Extracted information:

Start of Block

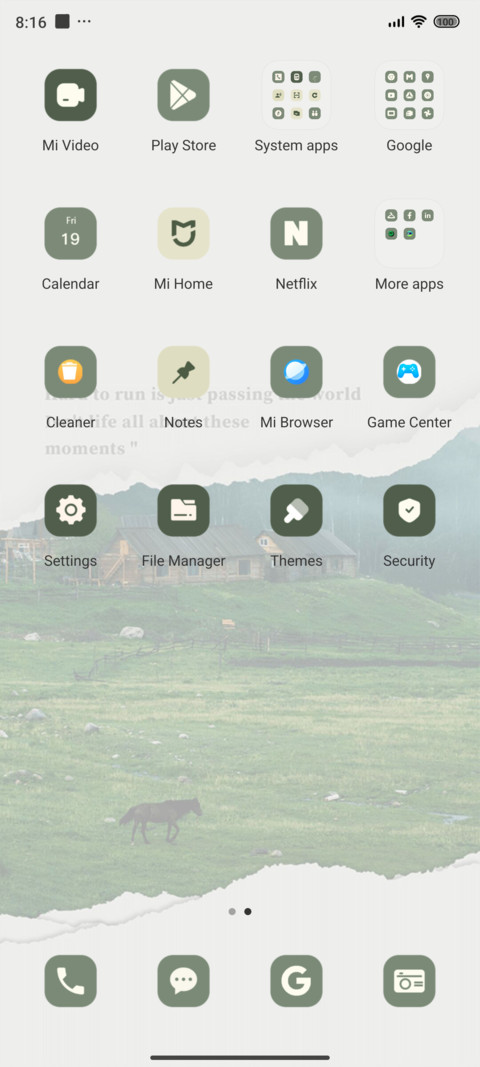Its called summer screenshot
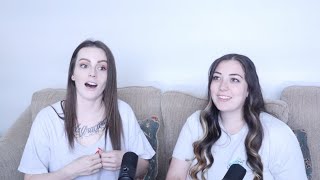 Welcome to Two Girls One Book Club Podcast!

End of Block
Start of Block

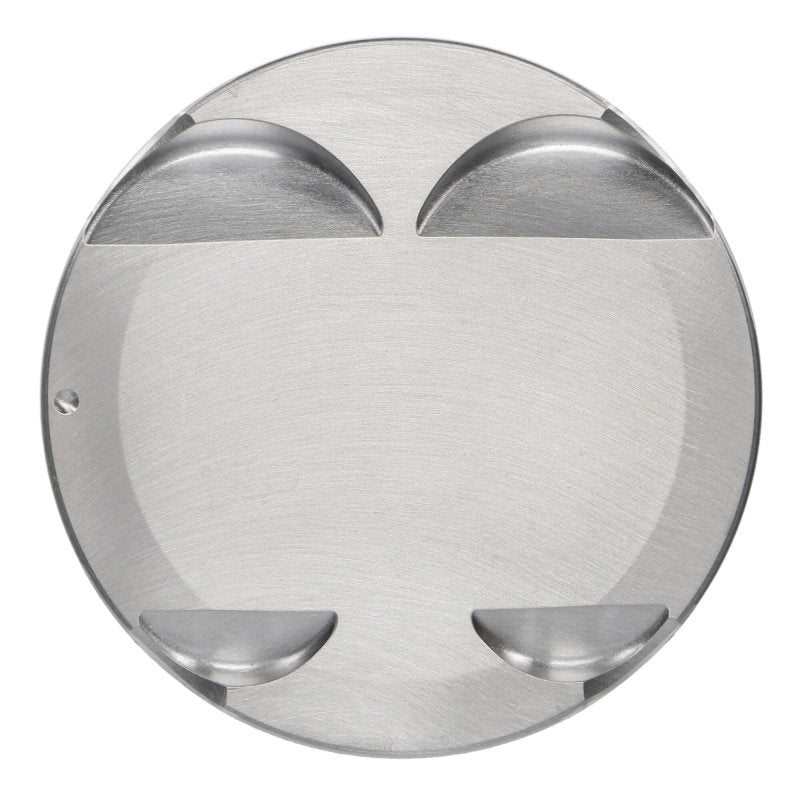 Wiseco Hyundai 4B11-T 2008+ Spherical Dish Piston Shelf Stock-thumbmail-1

End of Block
Start of Block

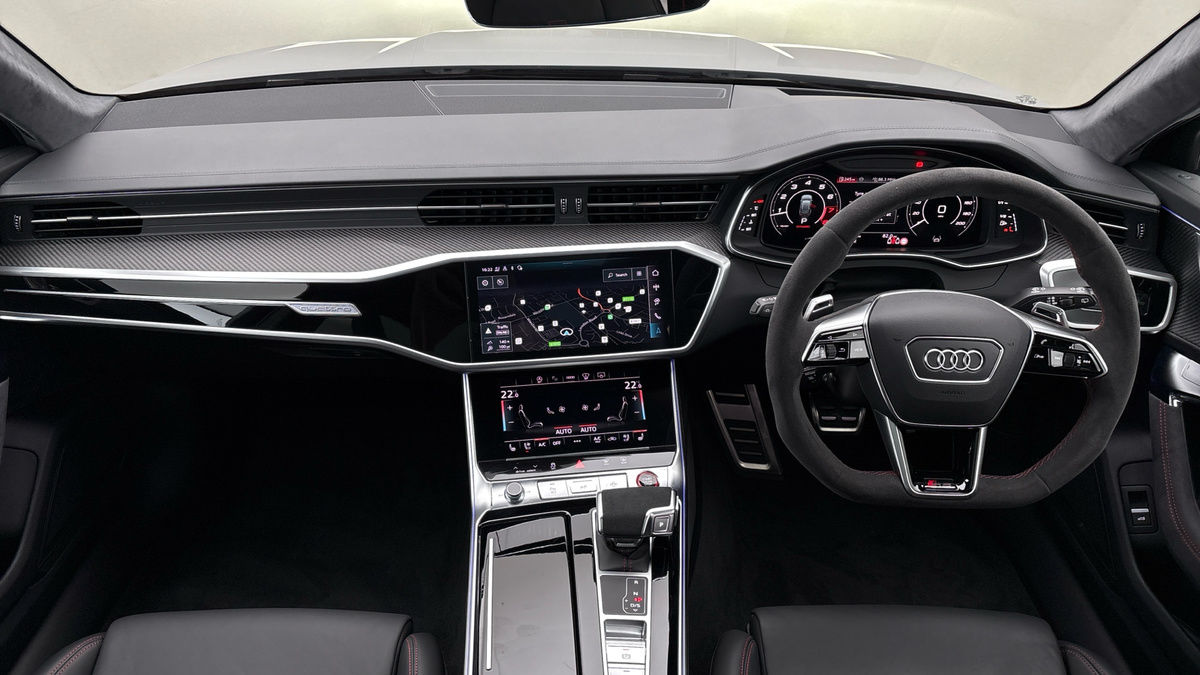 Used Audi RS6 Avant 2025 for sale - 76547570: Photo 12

End of Block

Exactly reproduce the lines above, starting at the one that contains "Its called summer screenshot" and ending at the one that contains "Welcome to Two Girls One Book Club Podcast!", both inclusive; leave the pictures out and add no other lines.

Solution to this task:
Its called summer screenshot
 Welcome to Two Girls One Book Club Podcast!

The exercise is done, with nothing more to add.